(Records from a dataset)
=-=-=

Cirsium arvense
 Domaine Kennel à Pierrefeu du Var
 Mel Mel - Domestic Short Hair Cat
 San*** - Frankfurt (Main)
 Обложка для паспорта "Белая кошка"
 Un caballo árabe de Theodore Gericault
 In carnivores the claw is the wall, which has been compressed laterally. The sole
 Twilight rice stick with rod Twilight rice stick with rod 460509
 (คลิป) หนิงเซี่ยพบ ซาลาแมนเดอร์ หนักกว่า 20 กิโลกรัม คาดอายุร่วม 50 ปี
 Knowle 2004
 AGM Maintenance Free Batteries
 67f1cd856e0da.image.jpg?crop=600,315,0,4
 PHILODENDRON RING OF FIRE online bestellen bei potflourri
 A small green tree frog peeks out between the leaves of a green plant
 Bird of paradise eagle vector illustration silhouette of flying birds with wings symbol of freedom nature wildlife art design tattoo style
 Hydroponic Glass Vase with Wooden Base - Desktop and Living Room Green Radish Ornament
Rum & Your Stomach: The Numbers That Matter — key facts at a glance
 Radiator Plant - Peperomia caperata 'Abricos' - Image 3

=-=-=

What you are asked to do — Reproduce all of the data above, exactly and without omission.

Exercise result —
Cirsium arvense
 Domaine Kennel à Pierrefeu du Var
 Mel Mel - Domestic Short Hair Cat
 San*** - Frankfurt (Main)
 Обложка для паспорта "Белая кошка"
 Un caballo árabe de Theodore Gericault
 In carnivores the claw is the wall, which has been compressed laterally. The sole
 Twilight rice stick with rod Twilight rice stick with rod 460509
 (คลิป) หนิงเซี่ยพบ ซาลาแมนเดอร์ หนักกว่า 20 กิโลกรัม คาดอายุร่วม 50 ปี
 Knowle 2004
 AGM Maintenance Free Batteries
 67f1cd856e0da.image.jpg?crop=600,315,0,4
 PHILODENDRON RING OF FIRE online bestellen bei potflourri
 A small green tree frog peeks out between the leaves of a green plant
 Bird of paradise eagle vector illustration silhouette of flying birds with wings symbol of freedom nature wildlife art design tattoo style
 Hydroponic Glass Vase with Wooden Base - Desktop and Living Room Green Radish Ornament
Rum & Your Stomach: The Numbers That Matter — key facts at a glance
 Radiator Plant - Peperomia caperata 'Abricos' - Image 3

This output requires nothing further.